La samba des insurgés

Si le rigoureux essai Commun : essai sur la révolution au XXI e siècle (La Découverte) de Pierre Dardot et Christian Laval, les auteurs de Sauver Marx ?, semble tenir quasiment le même propos que des tapées d’ouvrages récents de critique sociale acérée, ne lâchons pas les grandes eaux pour autant. Puisque c’est un propos fute-fute, un propos qu’il fait bon répandre. À savoir qu’en nos temps « cosmocapitalistes », nous vivons « la tragédie du non-commun », prisonniers que nous sommes d’un « nouveau système de normes » nous menant à ce que Hannah Arendt appelait « la désolation ». Et que la meilleure voie de résistance contre « la rationalité libérale » gangrenant tout, c’est de « refondre [j’ajoute, moi, jouissivement] le concept de commun ». En revenant aux principes toniques de l’autonomie communaliste (viva Louise Michel !), de la fédération de communes en pétard (viva Bakounine !), du communisme des conseils (viva Pannekoek !) faisant la nique à l’idée lénino-trotskiste profondément autoritaire d’un « État unitaire et centralisé » et à la chimère robespierriste niguedouille d’une « République une et indivisible ».

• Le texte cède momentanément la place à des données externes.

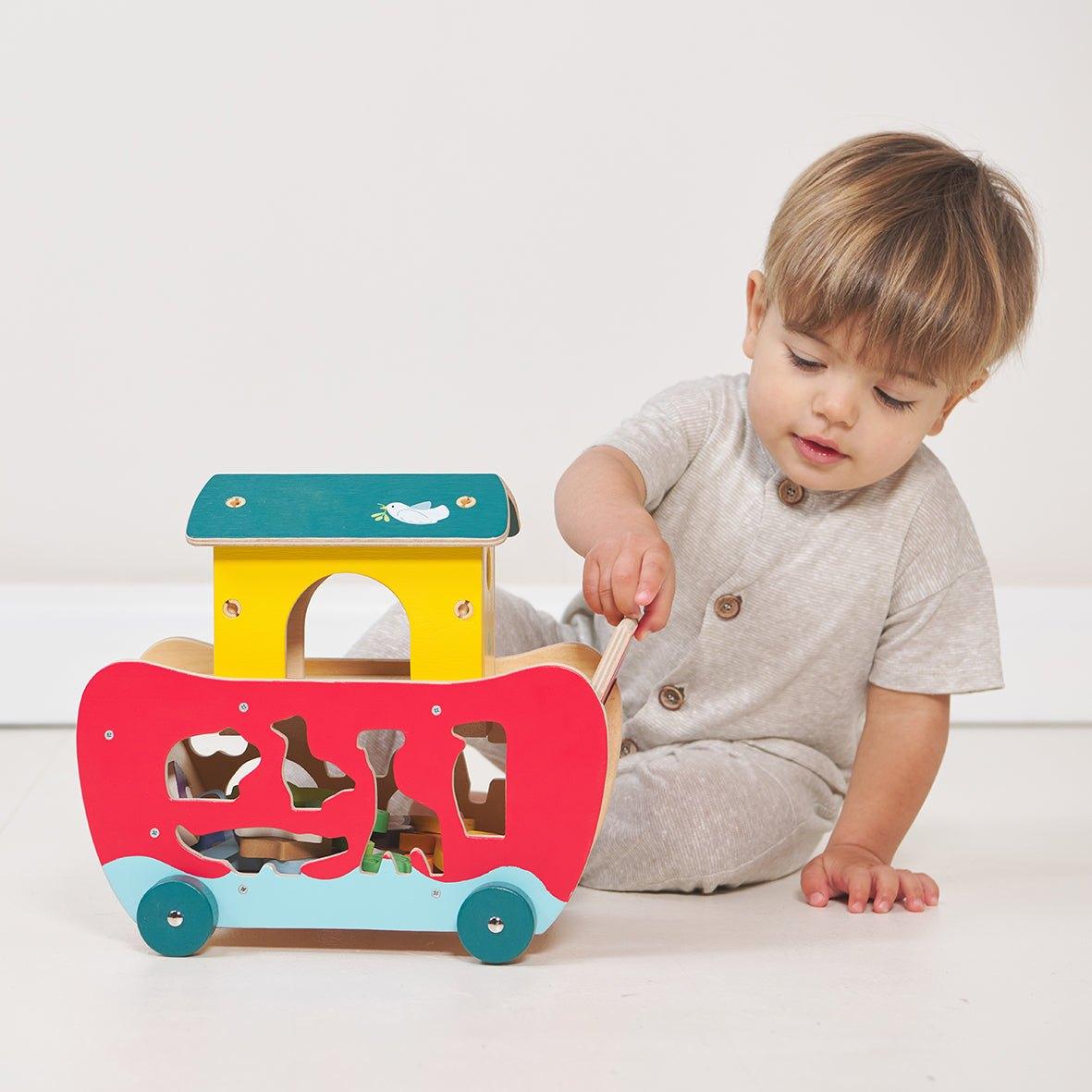 A toddler playing with the wooden sorting ark at home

Le livre, touffu, appelle bien entendu à quelques autres formes de « nouvelles institutions de la société par elle-même », notamment lorsqu’il nous emmène dans les quartiers périphériques des grandes métropoles brésiliennes où l’on expérimente guillerettement en dansant la samba ce que pourrait être la « citoyenneté insurgée » (Insurgent Citizenship) pleinement assumée.

À signaler également, dans une optique plus lyriquement vaneigemienne que néo-conseilliste, le dernier pamphlet revigorant de Sergio Ghirardi, Lettre ouverte aux survivants. De l’économie de la catastrophe à la société du don (Éditions libertaires) qui exhorte à «  l’instauration d’une démocratie directe étendue du local au planétaire par des groupements d’hommes et de femmes totalement libres de choisir leur destin ».

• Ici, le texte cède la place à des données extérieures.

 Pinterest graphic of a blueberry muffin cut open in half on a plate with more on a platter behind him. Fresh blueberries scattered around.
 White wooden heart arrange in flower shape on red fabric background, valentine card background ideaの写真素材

Le type de démocratie directe choucarde qui ne fut pas seulement l’apanage des collectivistes de la guerre d’Espagne et des communards de 68. Le veilleur de nuit Olivier Hiard, dans son pointilleux récit documentaire Aymare (Éd. libertaires aussi), nous apprend qu’entre les deux, qu’entre 1939 et 1967, pendant les Trente Glorieuses, des anars de l’ex-colonne Durruti créèrent en Haute-Bouriane, dans le Lot, un véritable bastion libertaire permettant à pas moins de 34 mimiles de vivre toute l’année dans, je les cite, « l’entraide, la solidarité, l’égalité, l’autogestion, la fraternité, la culture »… et l’agriculture (120 ha à travailler). Seulement, en allant y voir de plus près, on constate avec épouvante que l’aventure fut avant tout une affaire de mecs ne pouvant compter que sur à peine deux-trois amazones pour s’occuper des cuisines, de la lingerie et de l’intendance du pavillon des malades. Heureusement, en guise de consolation pour les lustucrus de la colonie d’Aymare pas particulièrement gays, il restait, je n’invente rien, la pêche aux poissons-chats.

À nous dès lors de les mettre en branle nous-mêmes, les communautés hédonistes poilantes dont nous rêvons en nous inspirant, par exemple, de Rabelais, Fourier, Émile Armand, des Diggers de San Francisco des seventies et de nos phantasmes les plus éperonnants.